Japan FSA banks on AI to bust money laundering

The Financial Services Agency (FSA) plans to roll out an artificial intelligence system that can detect fraudulent money transfers at financial institutions nationwide as early as fiscal 2021 in an effort to strengthen measures against money laundering, The Yomiuri Shimbun has learned.

The move is aimed at preventing the opening of bank accounts by antisocial forces and thwarting the transaction of funds suspected of being tied to criminal organizations.

The FSA will particularly encourage that the envisaged system is adopted by those regional banks that have outdated money laundering defenses.

The agency has spent several hundred million yen in funding from the New Energy and Industrial Technology Development Organization (NEDO) to develop the system and has been conducting trial runs during fiscal 2020 with NEC Corp., the Japanese Bankers Association and KPMG Azsa LLC.

It will compile a report on the tests in March. Discussions will be held in fiscal 2021 onward on the specifics of the system’s usage fees and operational structure.

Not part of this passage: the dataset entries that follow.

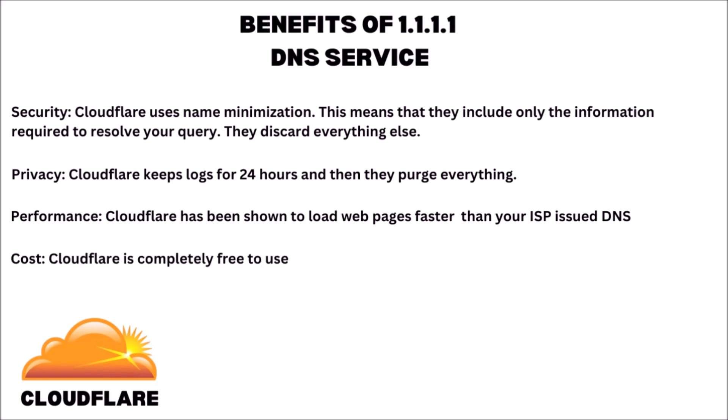And of course, the cost. Thankfully, Cloudflare is 100% completely free to use.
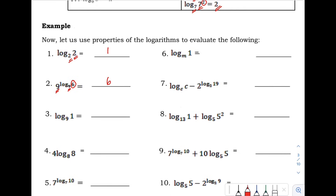Number 3: we have the logarithm of 1 with base 9. The number is 1, so with any base placed in our logarithm, the answer is 0.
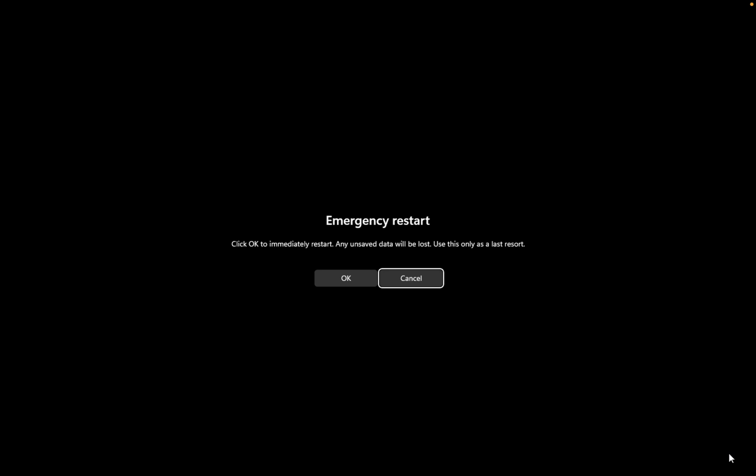And we have our emergency restart option. It says click OK to immediately restart, any unsaved data will be lost. Use this only as a last resort. Click OK to perform an emergency restart.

In the envisaged system, AI will check financial institutions’ transaction data, monitoring newly opened accounts and money transfers. It will detect unusual transactions, such as repeated transfers to a specific account in a short period of time or sudden withdrawals of large amounts of cash. The system could also flag persons suspected of illegal activity and notify relevant financial institutions.

According to the National Police Agency, a record 440,492 transactions were reported in 2019 on suspicion of being connected to money laundering and other similar crimes, about 1.5 times more than in 2010.

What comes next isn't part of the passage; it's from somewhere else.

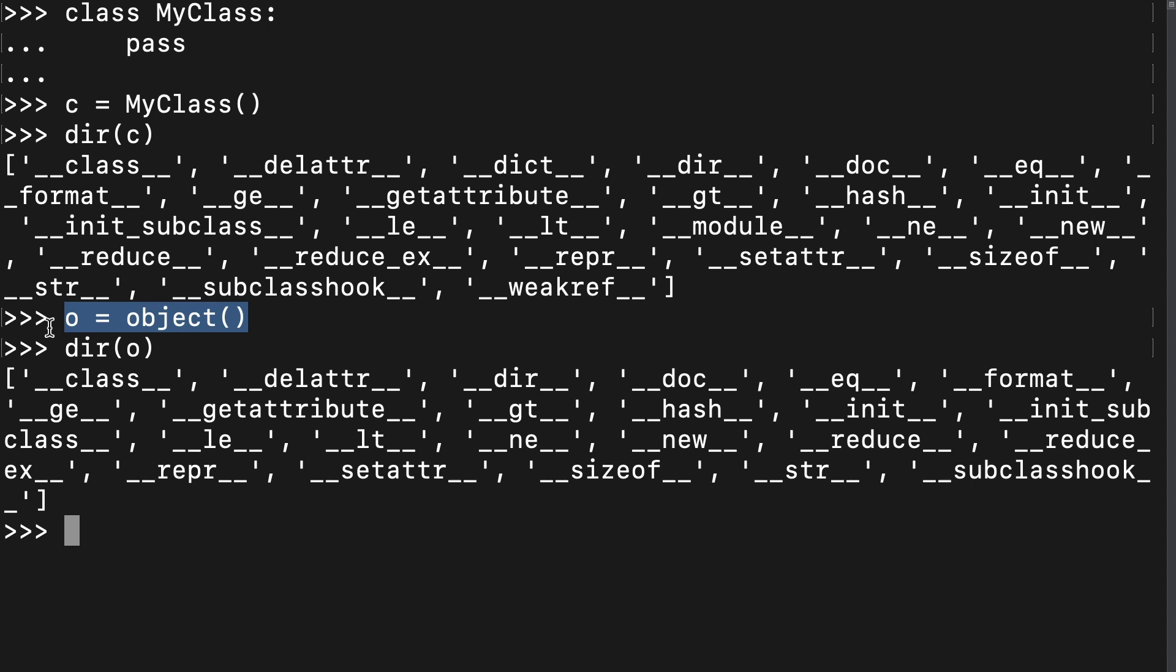The extra members present in our custom class came from elsewhere, but that's beyond the scope of this course. The point is, every class in Python implicitly inherits from this object superclass, which defines all these magic methods that Python uses to manage our objects.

There has been no end to cases of bank accounts being opened with leaked personal information and used for fraud.

Megabanks and other large financial institutions have been stepping up protocols to verify user identification and rushing to create systems that will prevent fraudulent remittances. However, regional and shinkin banks — which tend not to have the same level of resources at their disposal — are thought to have fallen behind the times. Many financial institutions still perform user identification and fraud checks manually.

The FSA aims to reduce the burden on financial institutions by sharing access to its planned system.

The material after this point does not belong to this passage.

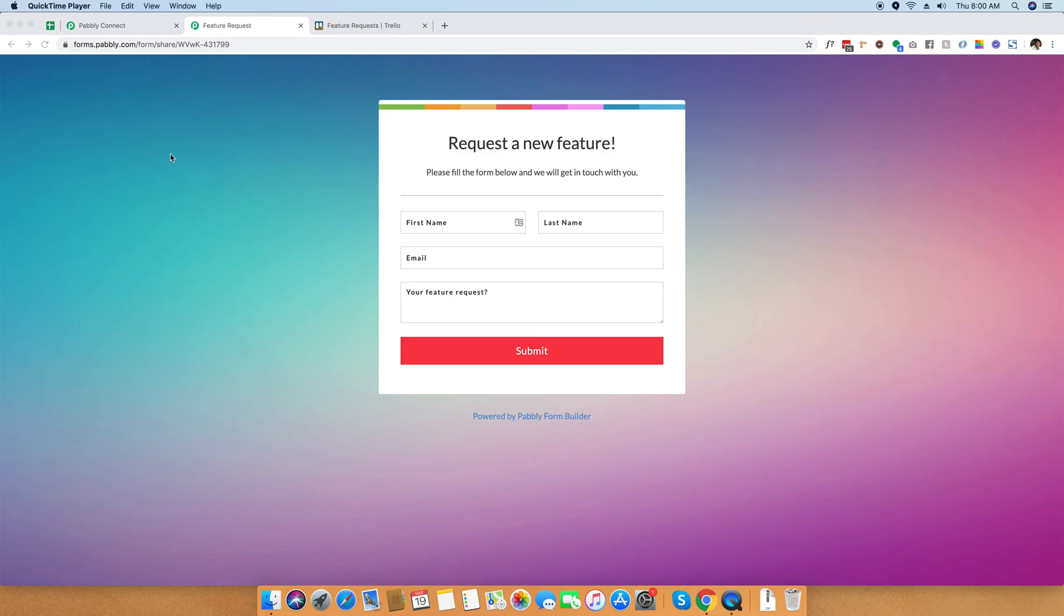We have today integrated Pabbly form builder with Trello board together so that any incoming feature requests are properly organized inside Trello. But at the same point of time, you can capture all the feature requests from within your website.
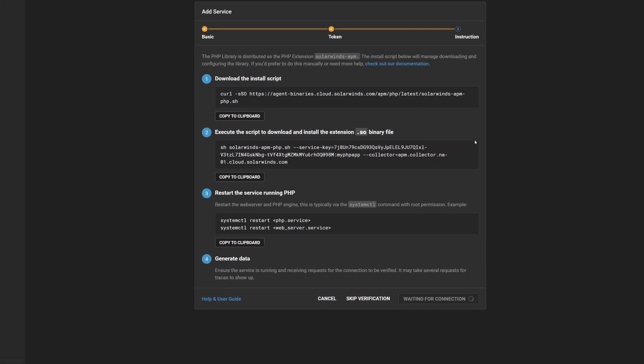Download our shell script which will manage downloading and configuring our PHP library. Execute the script by running the given command. Restart your web server or PHP process to load the library by running the following systemctl commands with root permission.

Insufficient anti-money laundering measures pose a real liability to banks. In the past, a U.S. subsidiary of Mitsubishi UFJ Financial Group, Inc. was slapped with huge fines and civil penalties by U.S. authorities for inadequate compliance with anti-money laundering laws.

In 2008, the Financial Action Task Force (FATF), a group mainly comprising financial and police authorities from Japan, the United States and Europe, rated Japan’s anti-money laundering measures as the lowest among the seven industrialized nations.

As the FATF began reviewing Japan again in 2019, the introduction of the new AI system is also intended to improve Japan’s credibility on the global stage.